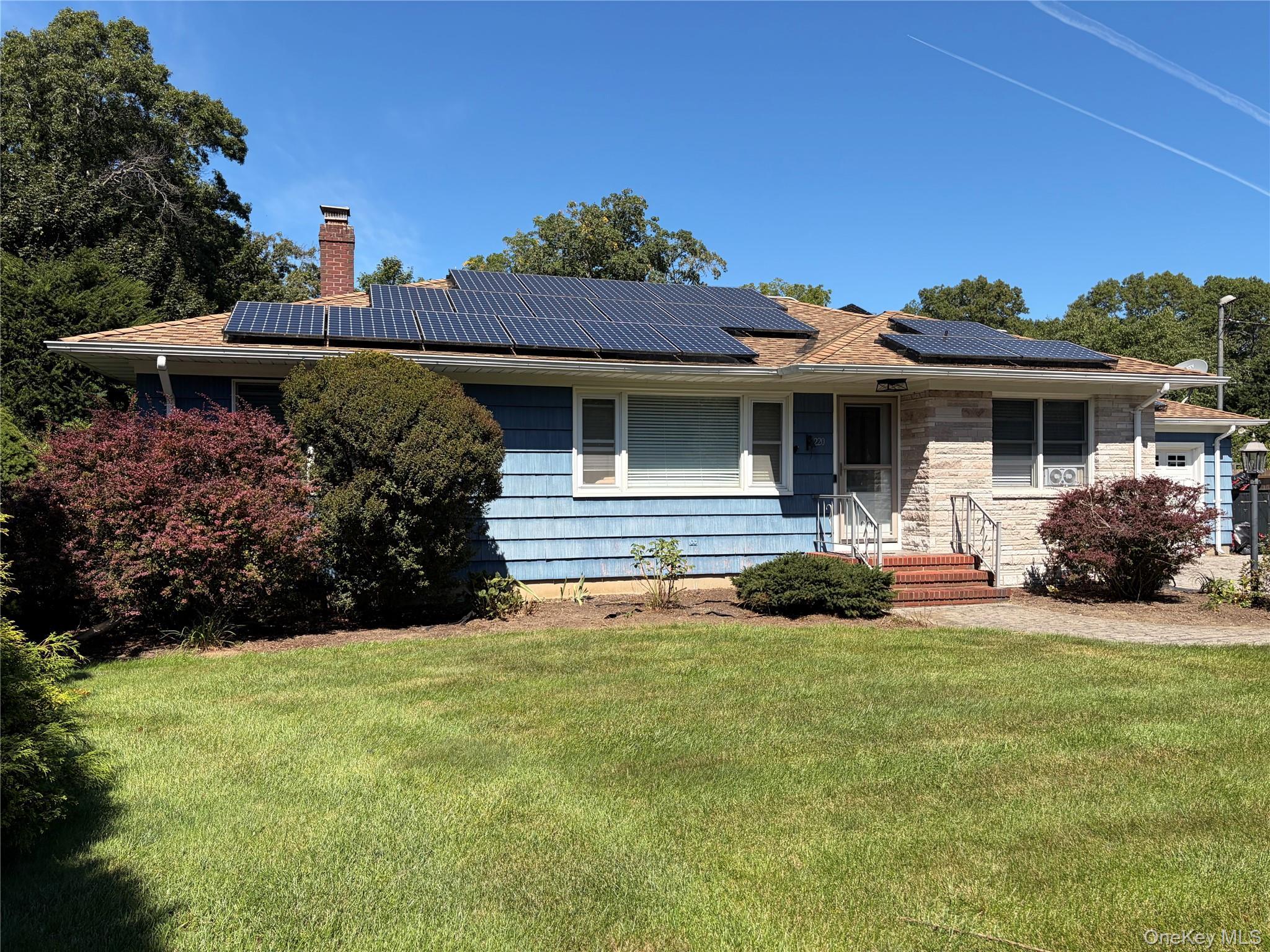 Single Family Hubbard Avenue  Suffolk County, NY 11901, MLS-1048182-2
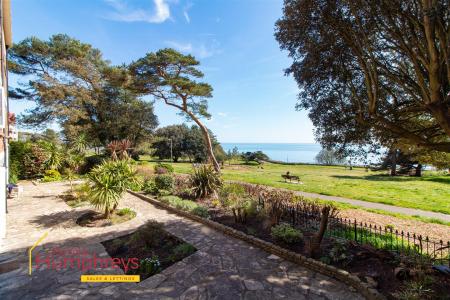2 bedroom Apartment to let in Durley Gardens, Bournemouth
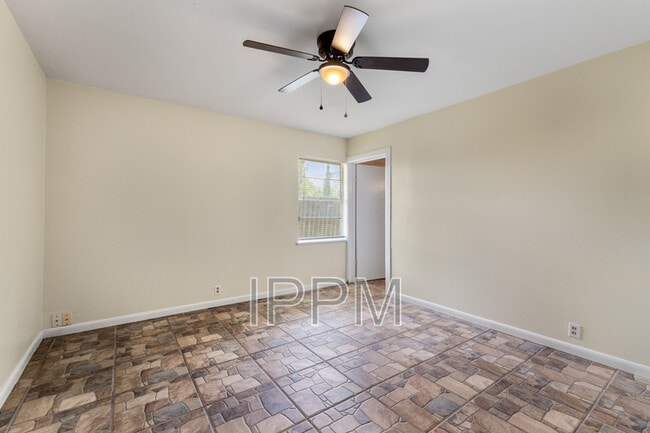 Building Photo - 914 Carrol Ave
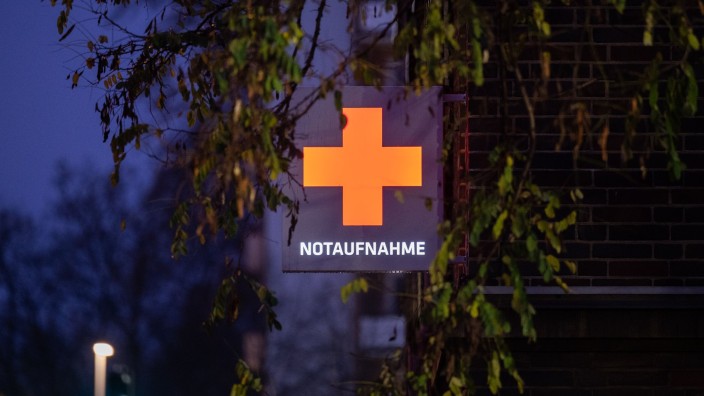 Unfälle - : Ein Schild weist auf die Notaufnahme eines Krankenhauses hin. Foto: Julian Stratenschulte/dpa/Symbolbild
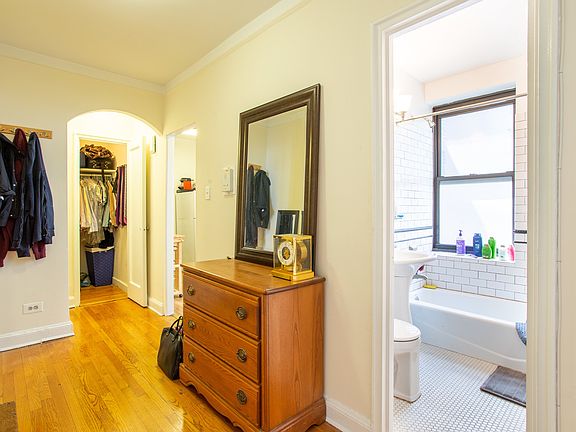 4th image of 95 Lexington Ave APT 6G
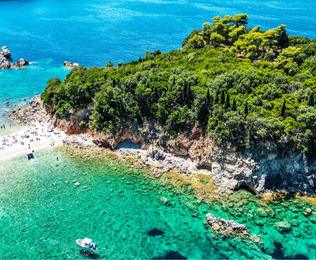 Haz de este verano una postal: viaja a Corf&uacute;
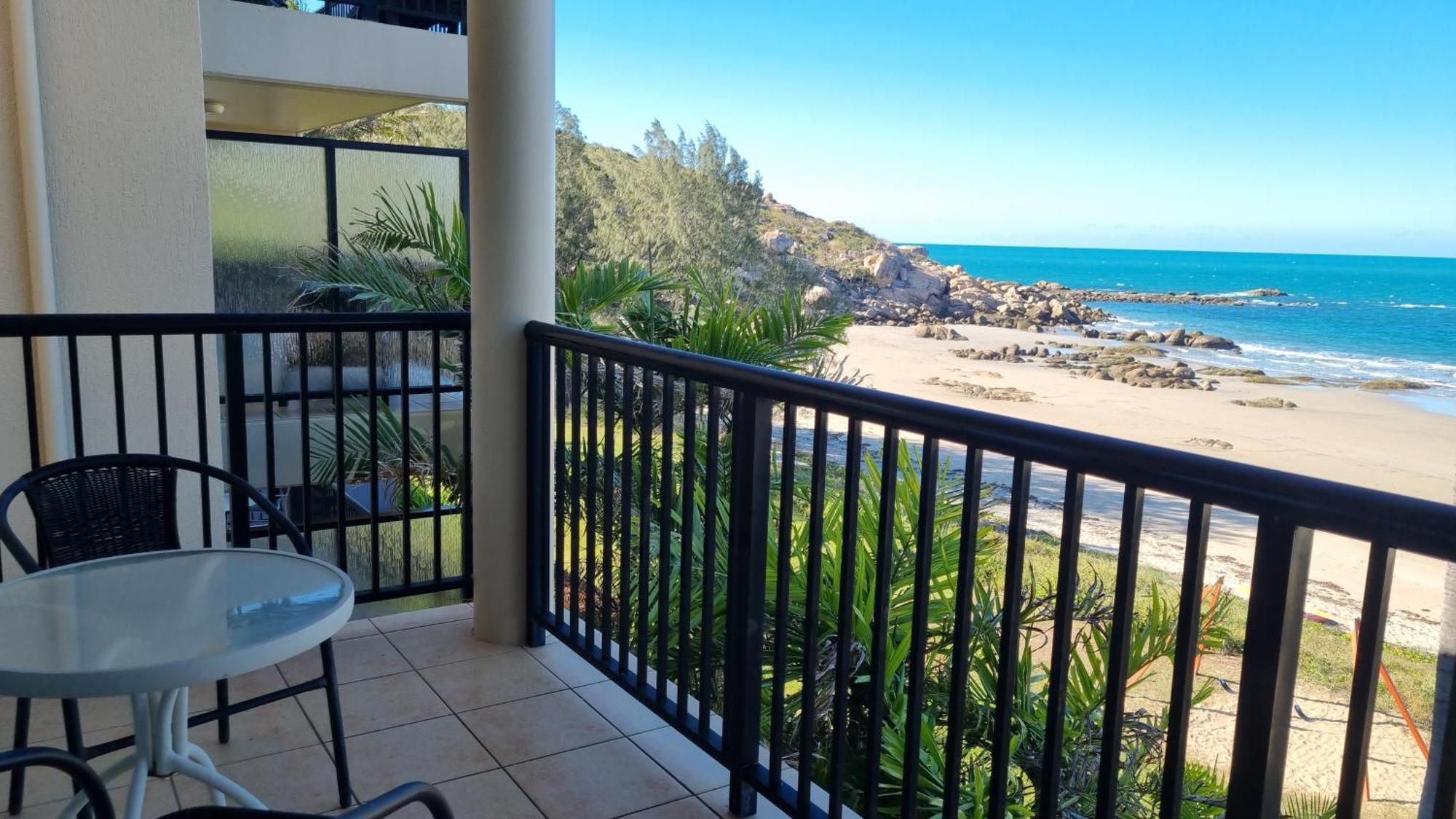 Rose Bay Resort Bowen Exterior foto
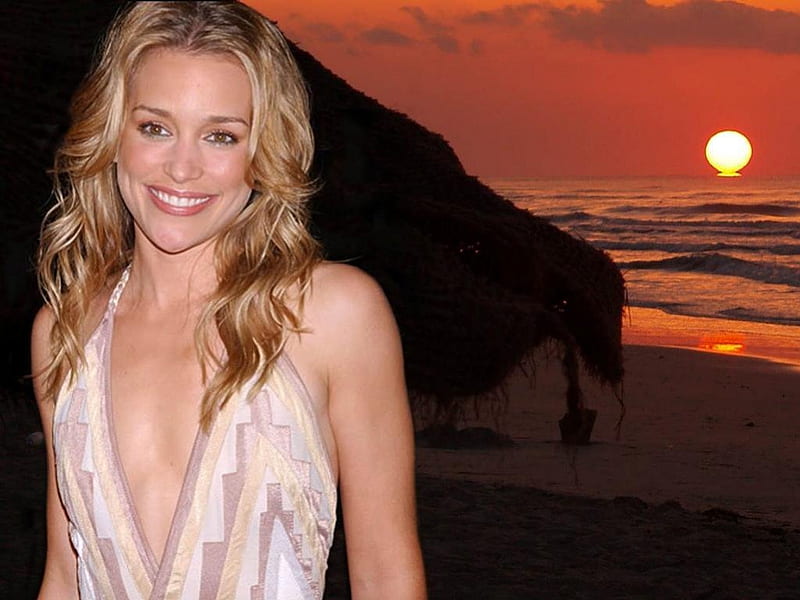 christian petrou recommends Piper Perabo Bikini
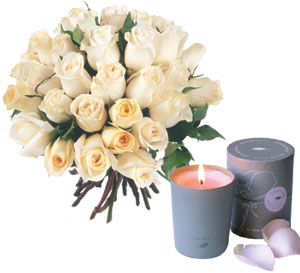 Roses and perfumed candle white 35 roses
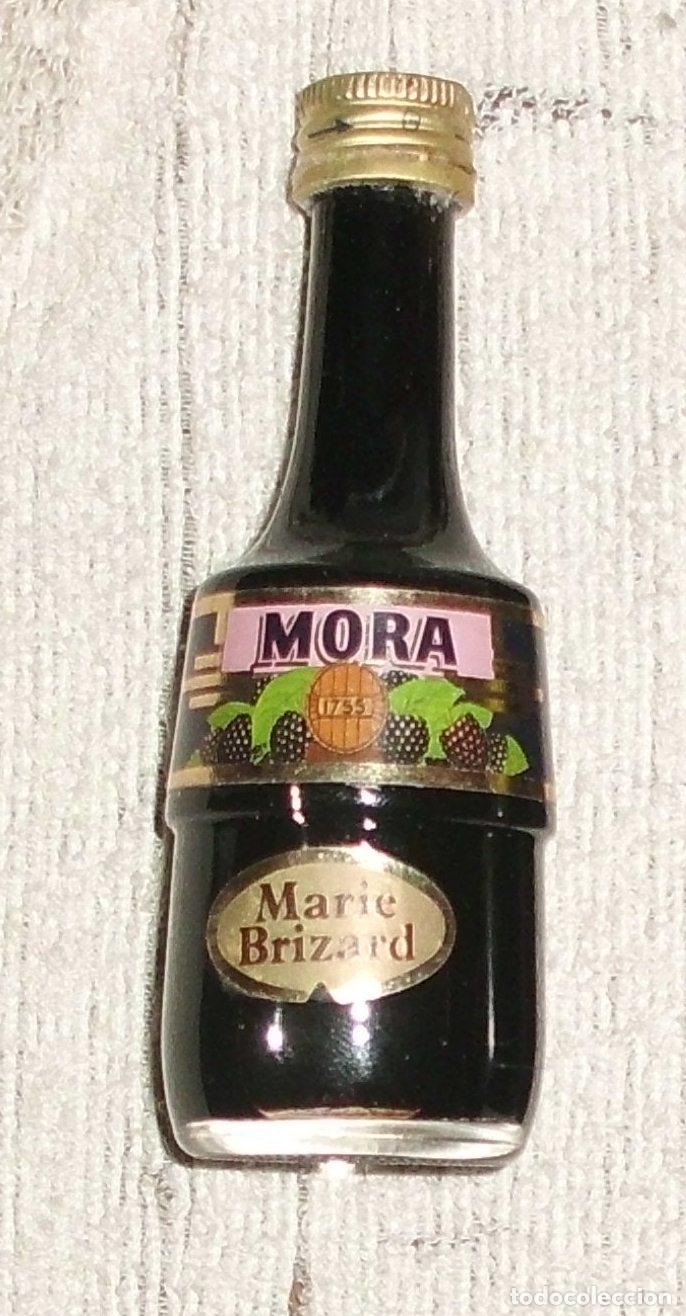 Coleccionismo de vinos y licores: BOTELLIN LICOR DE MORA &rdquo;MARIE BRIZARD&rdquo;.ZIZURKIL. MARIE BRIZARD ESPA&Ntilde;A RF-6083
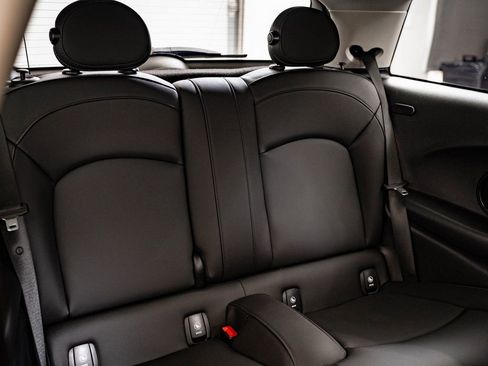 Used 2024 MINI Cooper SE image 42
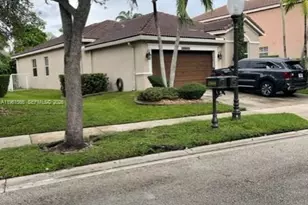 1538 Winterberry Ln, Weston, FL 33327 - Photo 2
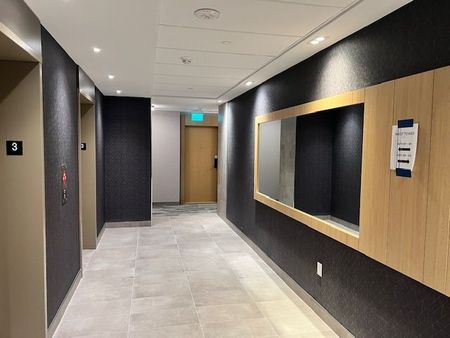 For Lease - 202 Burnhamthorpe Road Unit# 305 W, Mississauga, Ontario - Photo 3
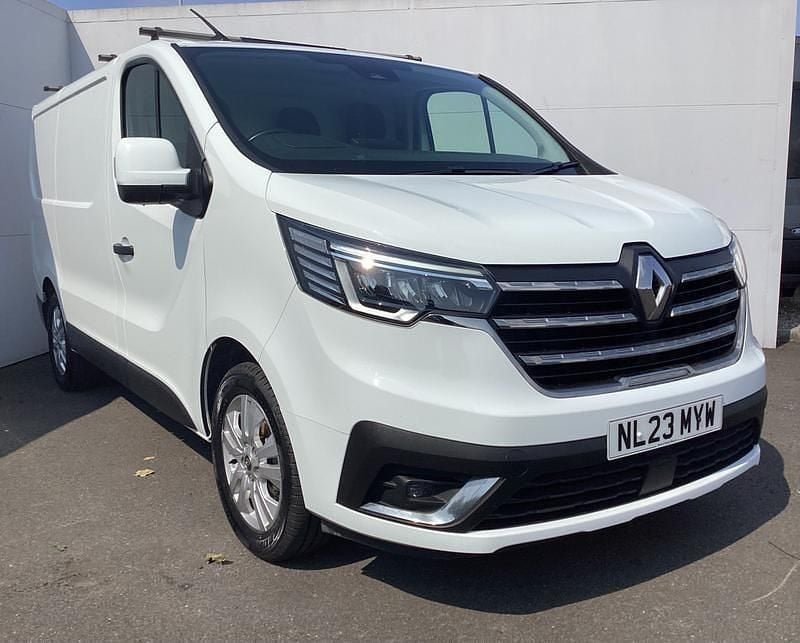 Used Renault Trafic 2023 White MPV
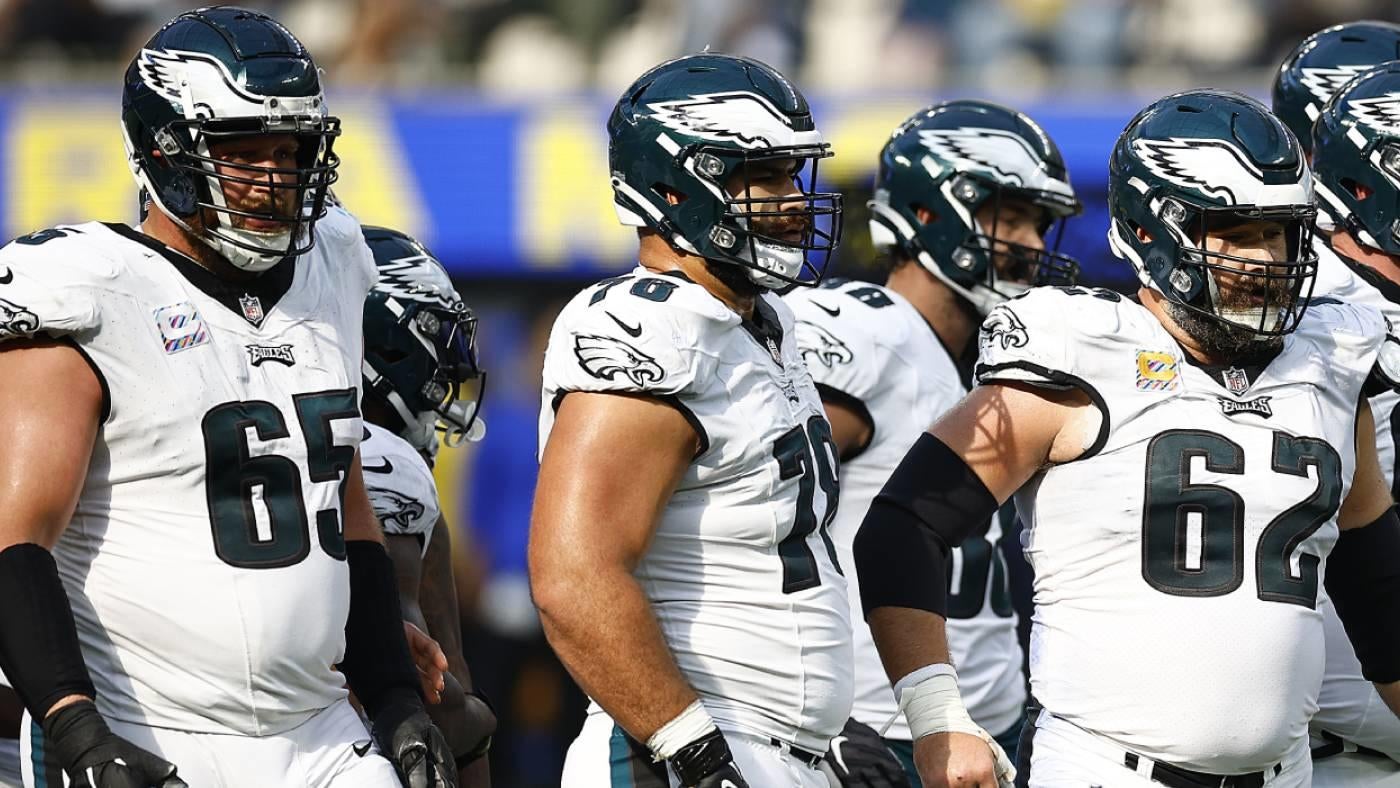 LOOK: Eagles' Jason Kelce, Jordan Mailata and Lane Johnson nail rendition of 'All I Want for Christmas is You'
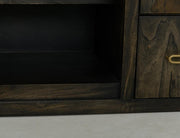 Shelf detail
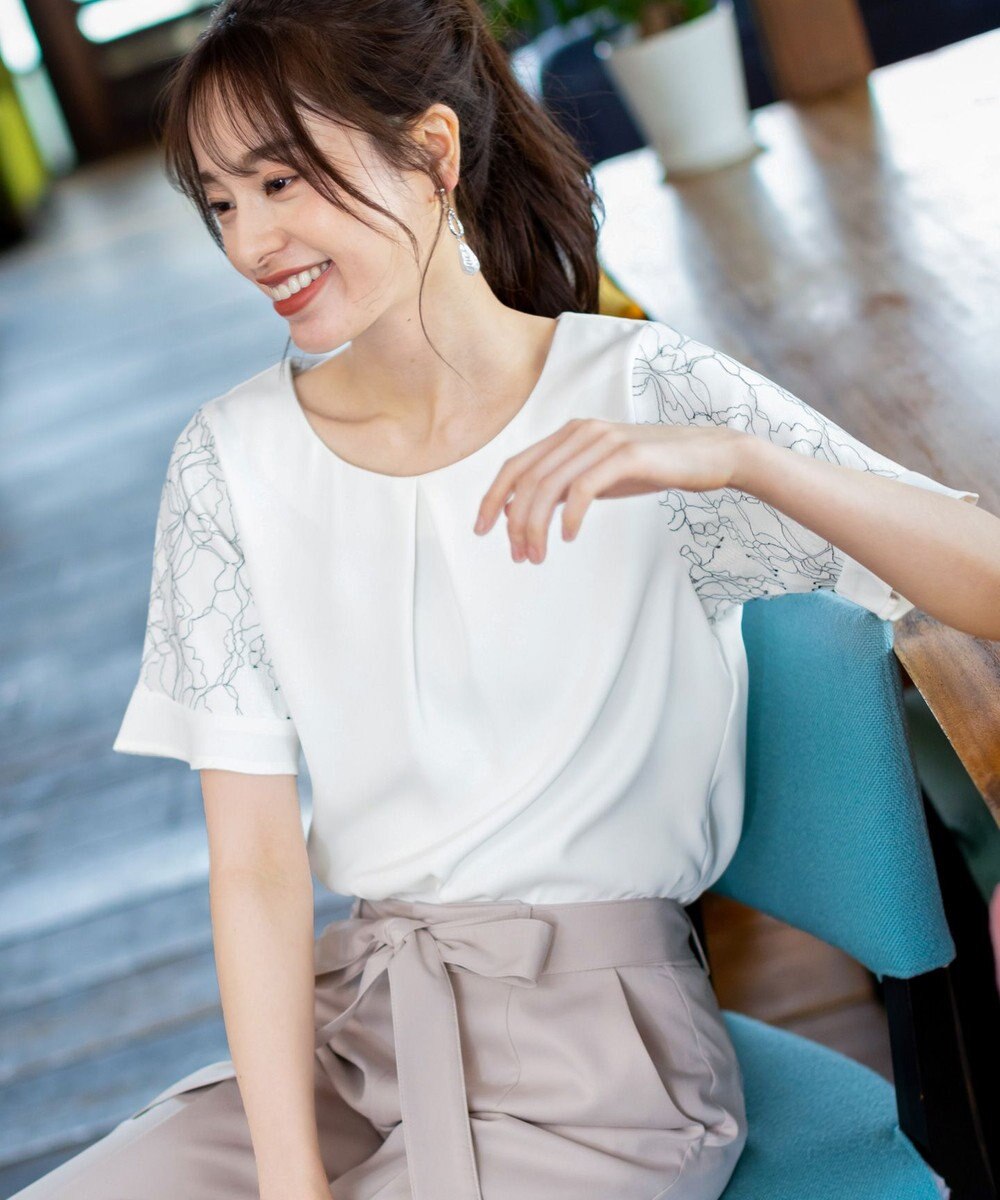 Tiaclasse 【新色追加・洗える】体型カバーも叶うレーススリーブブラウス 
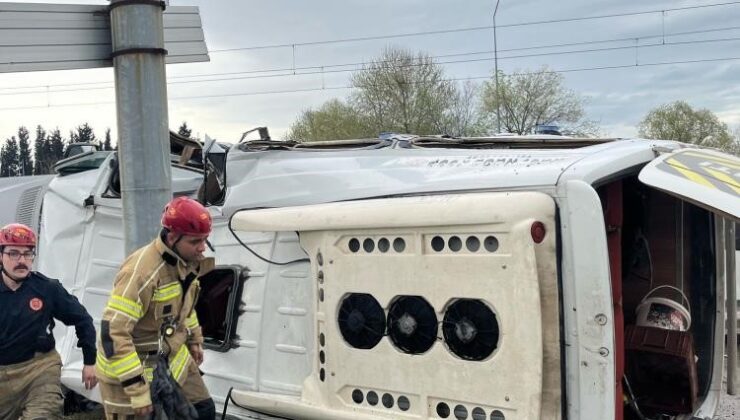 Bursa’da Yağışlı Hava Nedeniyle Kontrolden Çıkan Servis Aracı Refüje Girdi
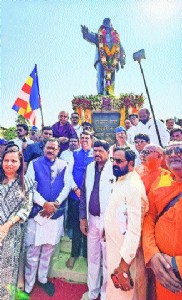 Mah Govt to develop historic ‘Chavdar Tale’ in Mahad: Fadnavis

ASSIGNMENT
Set down again, word for word, every line from the one with "Building Photo - 914 Carrol Ave" to the one with "Used 2024 MINI Cooper SE image 42" in the entries above, and omit the pictures.

RESULT OF THE TASK
 Building Photo - 914 Carrol Ave
 Unfälle - : Ein Schild weist auf die Notaufnahme eines Krankenhauses hin. Foto: Julian Stratenschulte/dpa/Symbolbild
 4th image of 95 Lexington Ave APT 6G
 Haz de este verano una postal: viaja a Corf&uacute;
 Rose Bay Resort Bowen Exterior foto
 christian petrou recommends Piper Perabo Bikini
 Roses and perfumed candle white 35 roses
 Coleccionismo de vinos y licores: BOTELLIN LICOR DE MORA &rdquo;MARIE BRIZARD&rdquo;.ZIZURKIL. MARIE BRIZARD ESPA&Ntilde;A RF-6083
 Used 2024 MINI Cooper SE image 42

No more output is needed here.